**EXERCISE GOAL**. Find the line that holds "Patricia Nash Liscia" in the material below. Output that line and each one after it exactly, but not the pictures.

**DATA EXTRACT**.

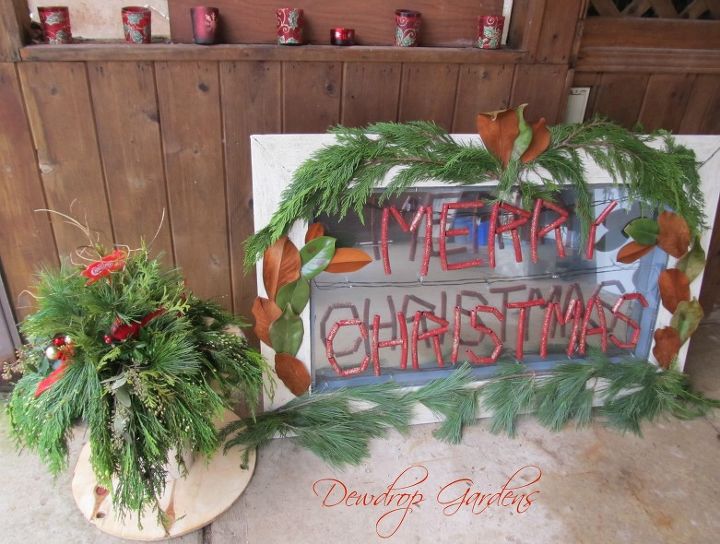 recycled window into a christmas sign, christmas decorations, repurposing upcycling, seasonal holiday decor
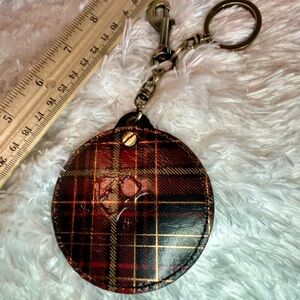 Patricia Nash Liscia mirror key chain fob purse charm beach bag tartan plaid NEW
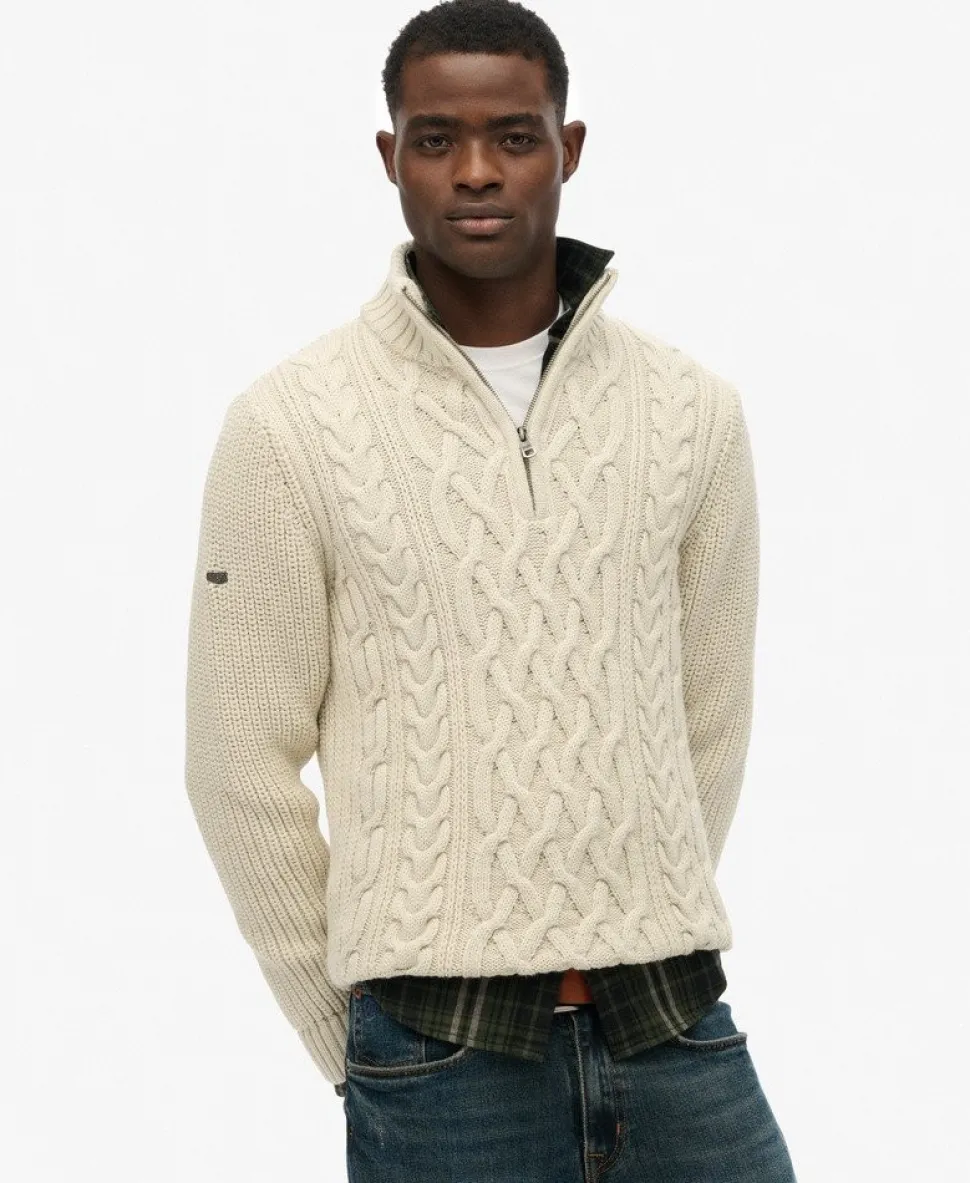 Jacob Cable Knit Half Zip Jumper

**EXERCISE RESPONSE**.
 Patricia Nash Liscia mirror key chain fob purse charm beach bag tartan plaid NEW
 Jacob Cable Knit Half Zip Jumper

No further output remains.